BEGIN Data
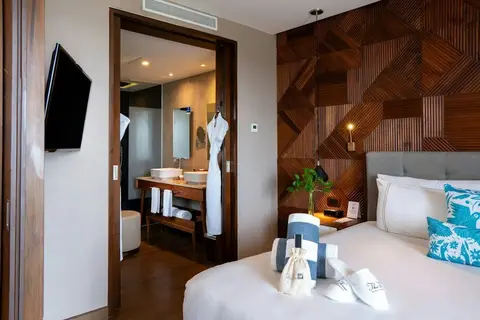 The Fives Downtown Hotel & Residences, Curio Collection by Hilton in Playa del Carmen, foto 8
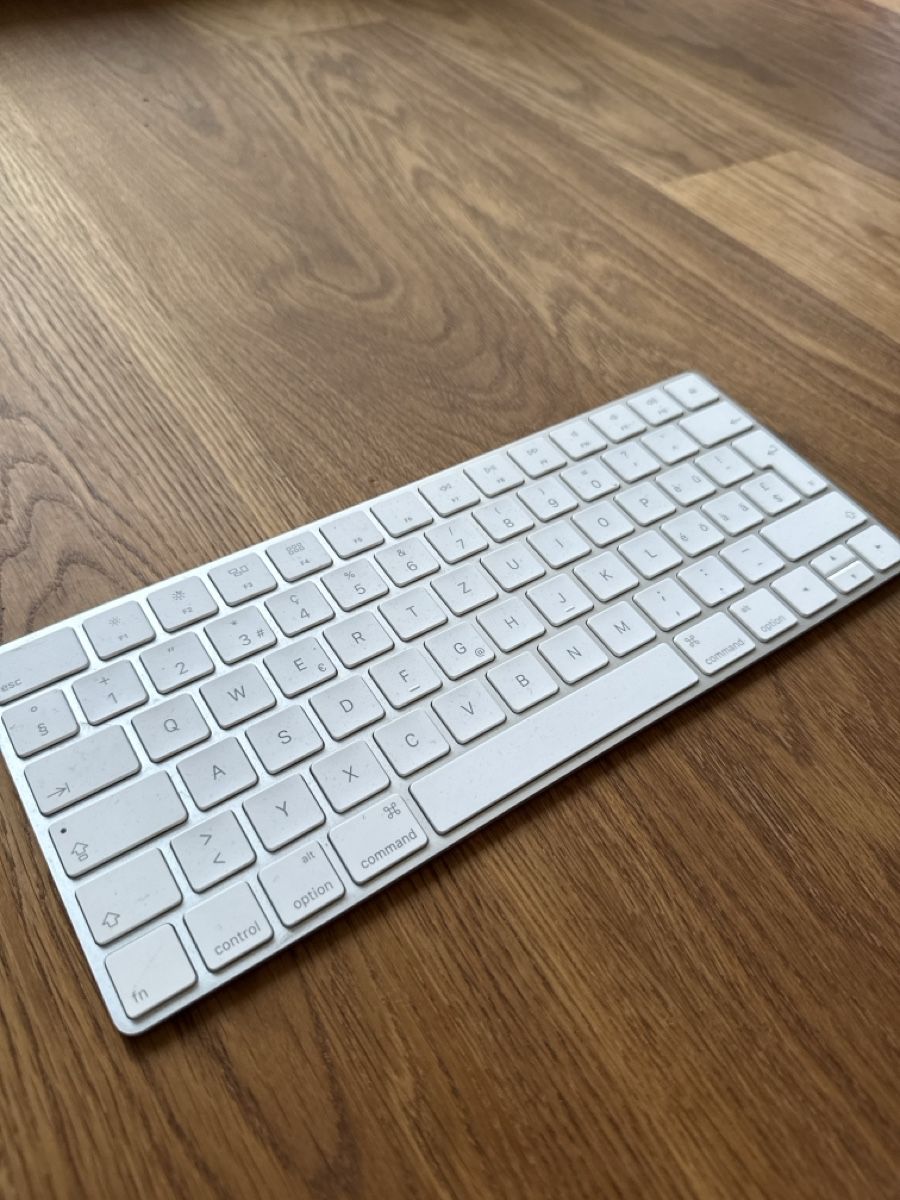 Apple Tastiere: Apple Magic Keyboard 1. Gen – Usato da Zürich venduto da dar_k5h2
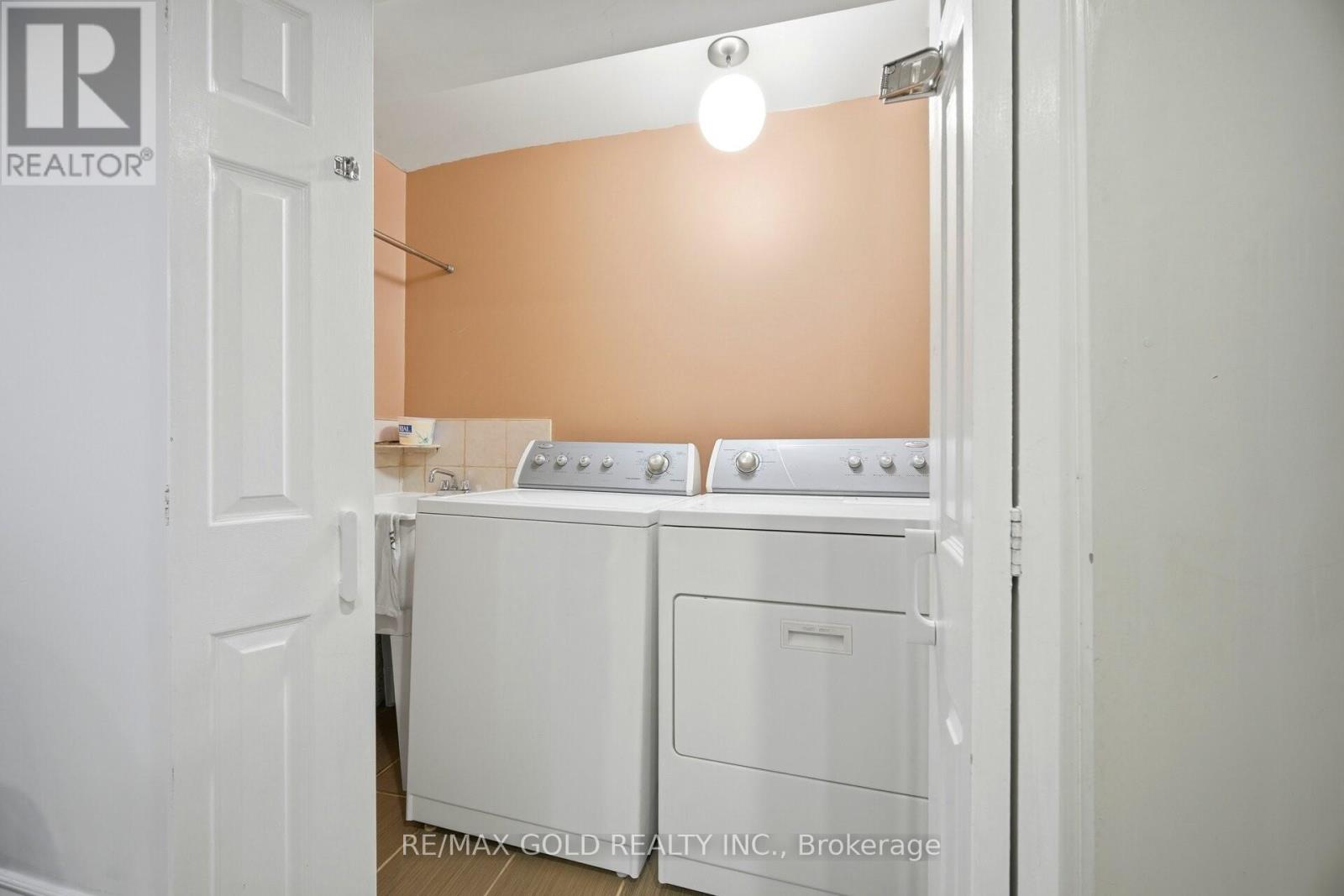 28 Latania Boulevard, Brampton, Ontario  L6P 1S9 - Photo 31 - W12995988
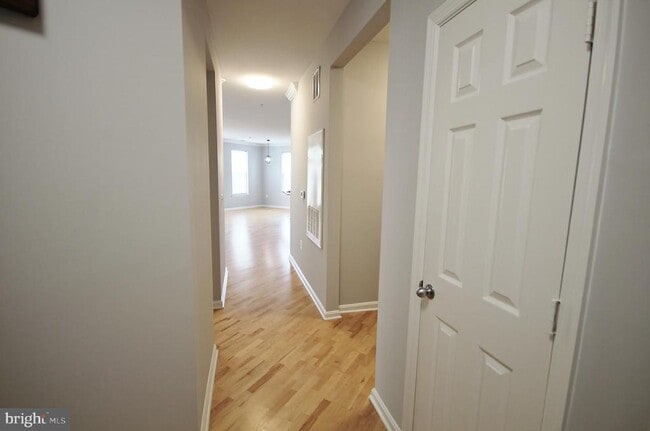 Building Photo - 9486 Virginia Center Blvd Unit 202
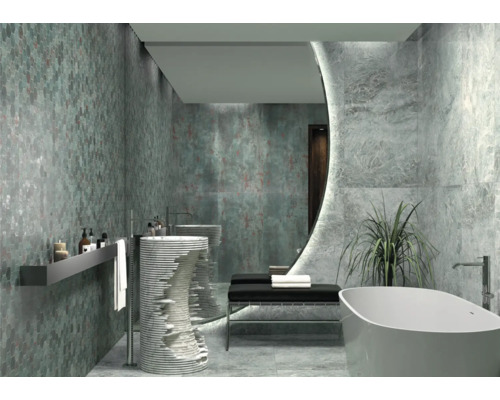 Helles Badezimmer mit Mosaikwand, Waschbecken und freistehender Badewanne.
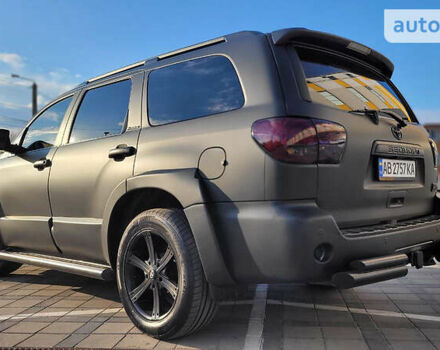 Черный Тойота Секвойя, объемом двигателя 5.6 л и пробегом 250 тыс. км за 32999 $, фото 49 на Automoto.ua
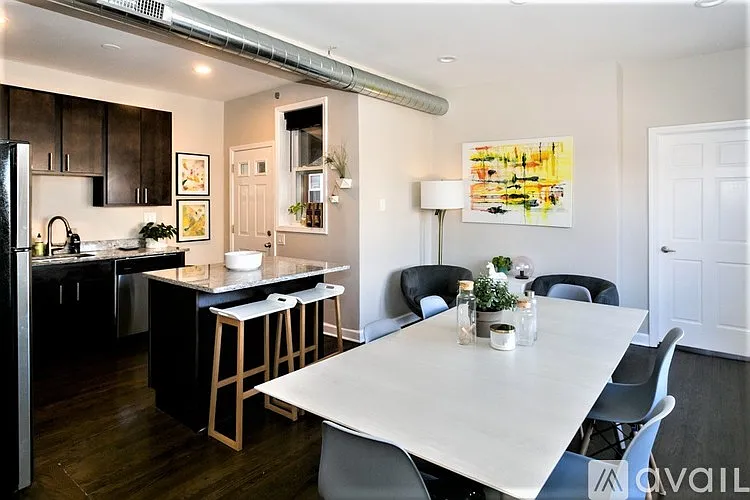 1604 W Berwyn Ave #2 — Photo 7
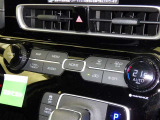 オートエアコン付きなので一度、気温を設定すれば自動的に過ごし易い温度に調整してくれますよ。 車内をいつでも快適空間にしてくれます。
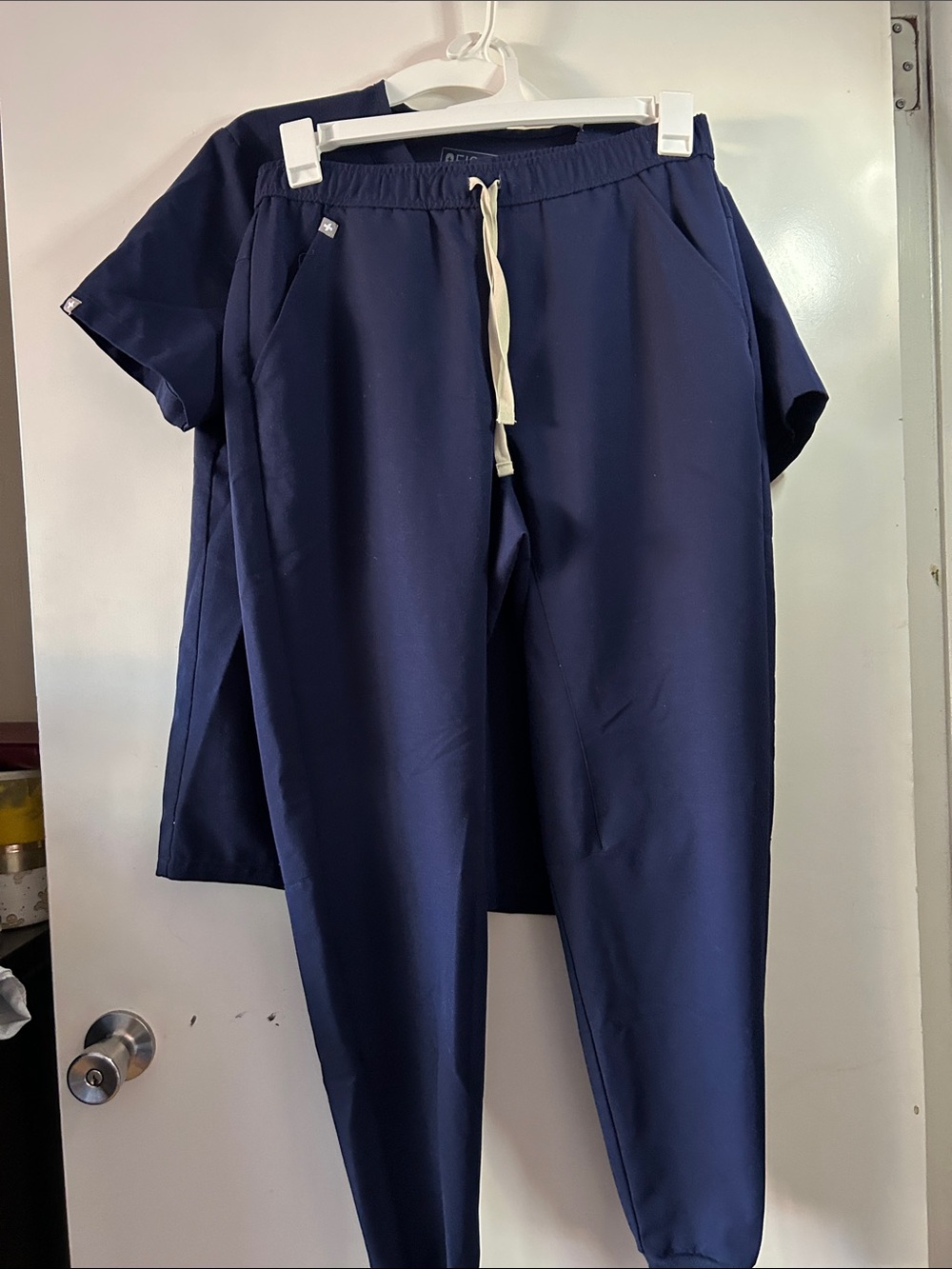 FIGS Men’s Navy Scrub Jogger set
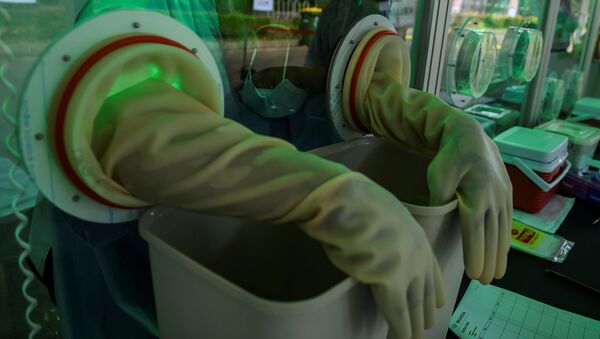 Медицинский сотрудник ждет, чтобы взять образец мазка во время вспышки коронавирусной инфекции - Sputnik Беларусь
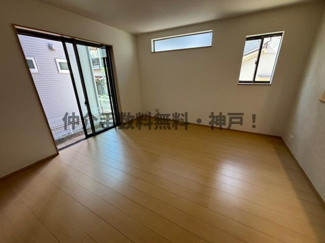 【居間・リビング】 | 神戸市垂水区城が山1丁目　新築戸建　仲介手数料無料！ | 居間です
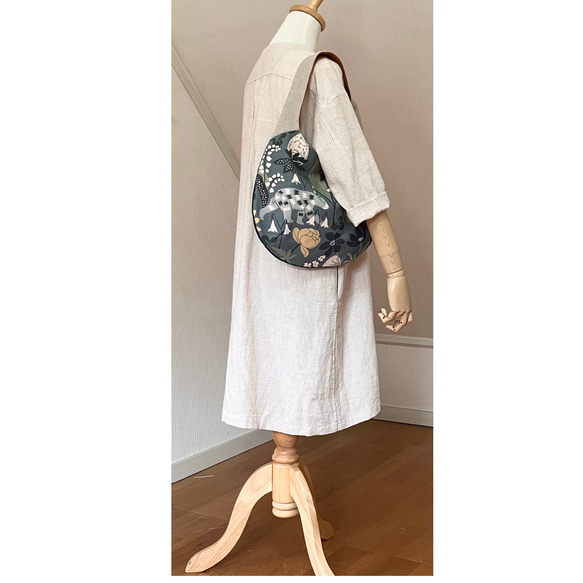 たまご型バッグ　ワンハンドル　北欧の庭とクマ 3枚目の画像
END Data
- _Work to be completed_
Every line of the data above is to be set down exactly; the pictures are not.

- _Response_
 The Fives Downtown Hotel & Residences, Curio Collection by Hilton in Playa del Carmen, foto 8
 Apple Tastiere: Apple Magic Keyboard 1. Gen – Usato da Zürich venduto da dar_k5h2
 28 Latania Boulevard, Brampton, Ontario  L6P 1S9 - Photo 31 - W12995988
 Building Photo - 9486 Virginia Center Blvd Unit 202
 Helles Badezimmer mit Mosaikwand, Waschbecken und freistehender Badewanne.
 Черный Тойота Секвойя, объемом двигателя 5.6 л и пробегом 250 тыс. км за 32999 $, фото 49 на Automoto.ua
 1604 W Berwyn Ave #2 — Photo 7
 オートエアコン付きなので一度、気温を設定すれば自動的に過ごし易い温度に調整してくれますよ。 車内をいつでも快適空間にしてくれます。
 FIGS Men’s Navy Scrub Jogger set
 Медицинский сотрудник ждет, чтобы взять образец мазка во время вспышки коронавирусной инфекции - Sputnik Беларусь
 【居間・リビング】 | 神戸市垂水区城が山1丁目　新築戸建　仲介手数料無料！ | 居間です
 たまご型バッグ　ワンハンドル　北欧の庭とクマ 3枚目の画像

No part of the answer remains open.